┏━━
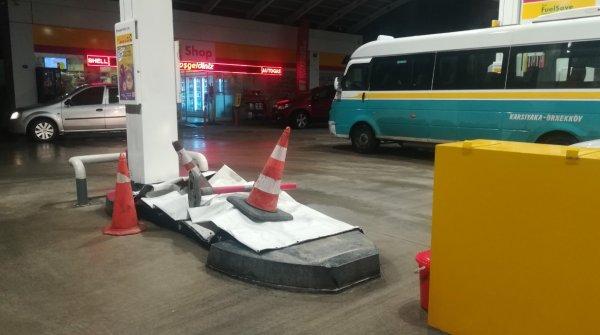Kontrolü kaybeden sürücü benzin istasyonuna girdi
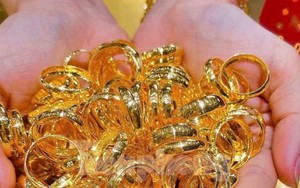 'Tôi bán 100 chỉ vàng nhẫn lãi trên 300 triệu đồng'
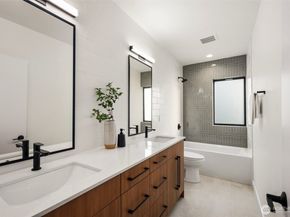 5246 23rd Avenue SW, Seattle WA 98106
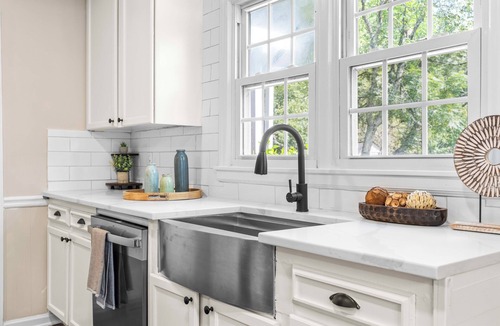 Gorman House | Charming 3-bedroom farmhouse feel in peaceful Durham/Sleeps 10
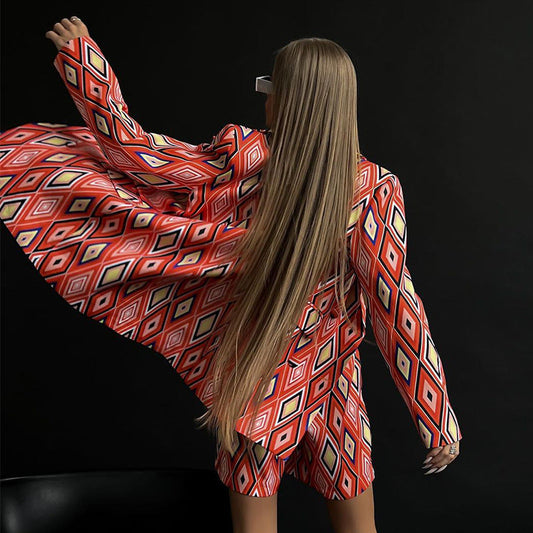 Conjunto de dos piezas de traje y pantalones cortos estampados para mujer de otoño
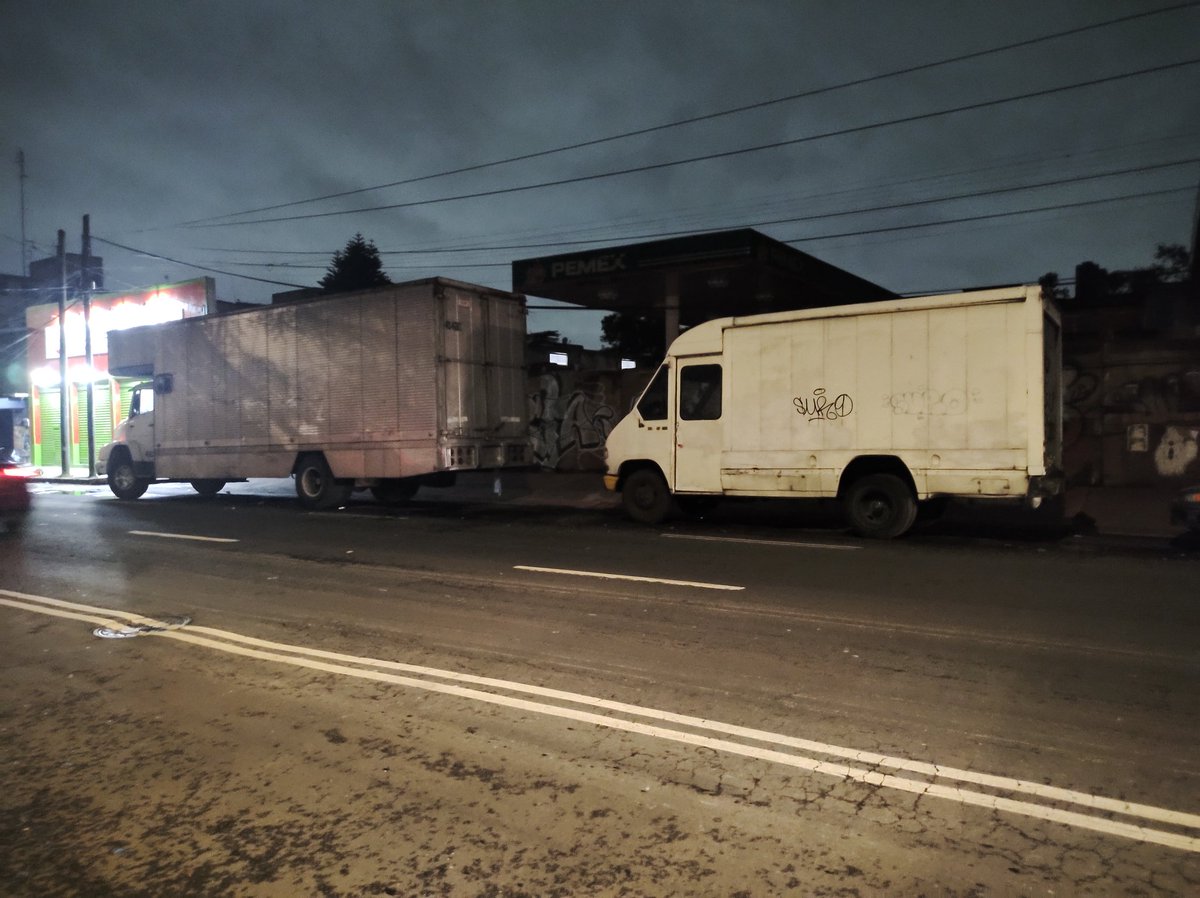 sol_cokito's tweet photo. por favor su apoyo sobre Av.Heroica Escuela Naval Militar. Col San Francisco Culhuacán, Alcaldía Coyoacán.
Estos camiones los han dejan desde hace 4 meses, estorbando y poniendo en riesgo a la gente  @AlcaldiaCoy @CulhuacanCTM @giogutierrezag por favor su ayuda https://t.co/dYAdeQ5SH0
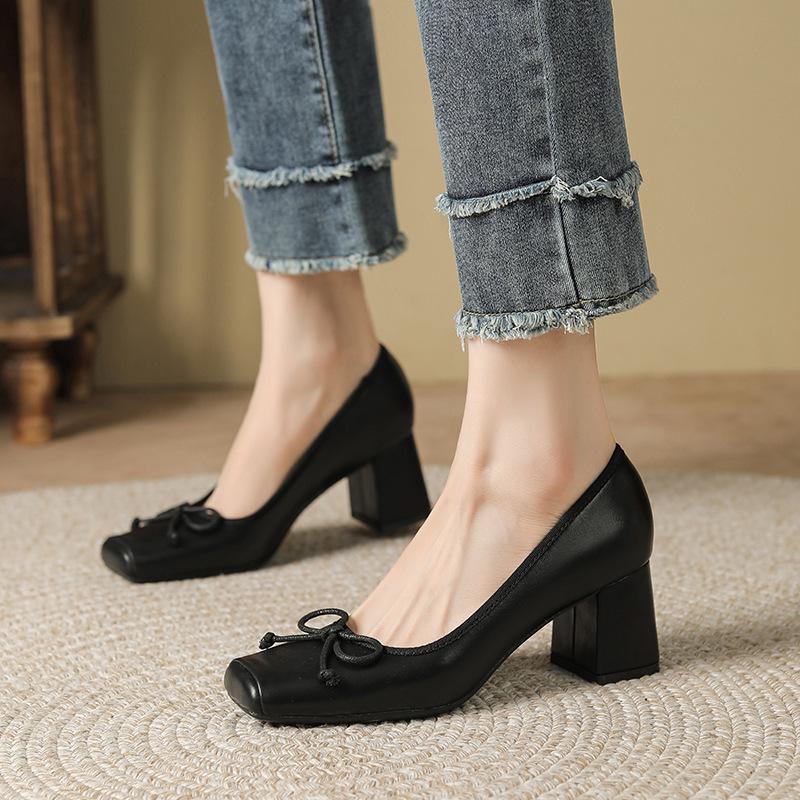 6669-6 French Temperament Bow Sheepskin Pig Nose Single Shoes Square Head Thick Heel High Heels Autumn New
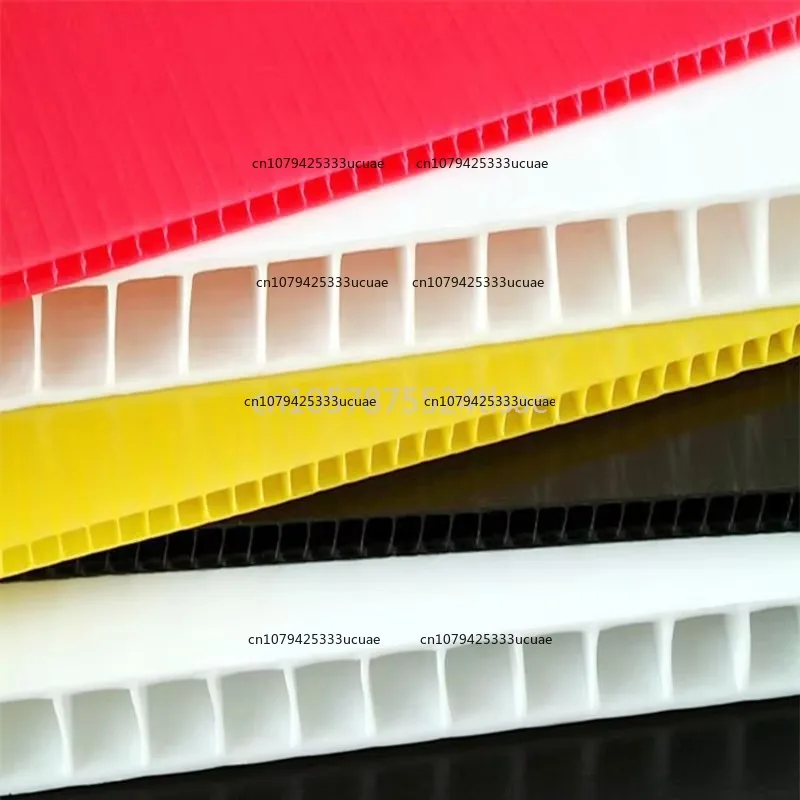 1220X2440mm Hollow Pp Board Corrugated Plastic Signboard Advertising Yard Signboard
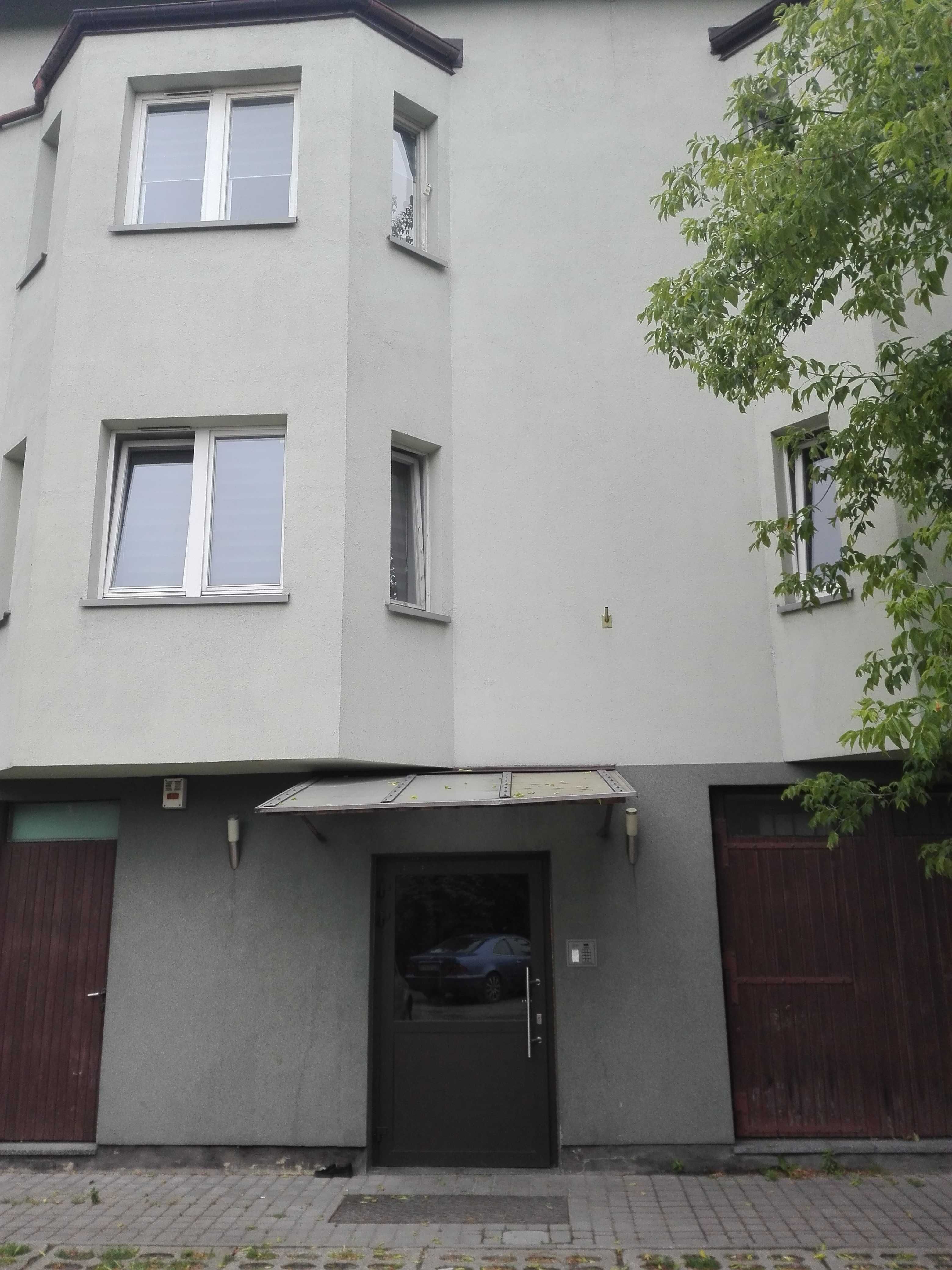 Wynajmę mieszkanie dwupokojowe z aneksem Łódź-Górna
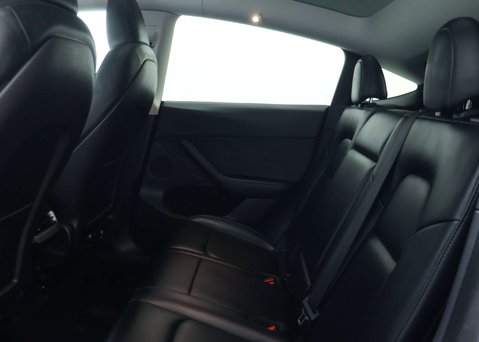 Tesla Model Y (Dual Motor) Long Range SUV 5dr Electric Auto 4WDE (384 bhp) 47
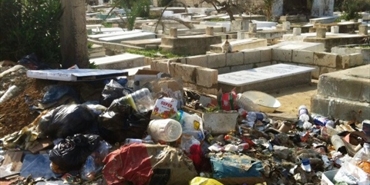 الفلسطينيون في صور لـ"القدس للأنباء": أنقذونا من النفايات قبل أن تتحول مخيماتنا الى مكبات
┗━━
PROMPT: Quote the data above exactly from the line with "5246 23rd Avenue SW, Seattle WA 98106" to the line with "6669-6 French Temperament", both ends counted, and nothing else. Pictures don't go in.

WRITTEN SOLUTION:
 5246 23rd Avenue SW, Seattle WA 98106
 Gorman House | Charming 3-bedroom farmhouse feel in peaceful Durham/Sleeps 10
 Conjunto de dos piezas de traje y pantalones cortos estampados para mujer de otoño
 sol_cokito's tweet photo. por favor su apoyo sobre Av.Heroica Escuela Naval Militar. Col San Francisco Culhuacán, Alcaldía Coyoacán.
Estos camiones los han dejan desde hace 4 meses, estorbando y poniendo en riesgo a la gente  @AlcaldiaCoy @CulhuacanCTM @giogutierrezag por favor su ayuda https://t.co/dYAdeQ5SH0
 6669-6 French Temperament Bow Sheepskin Pig Nose Single Shoes Square Head Thick Heel High Heels Autumn New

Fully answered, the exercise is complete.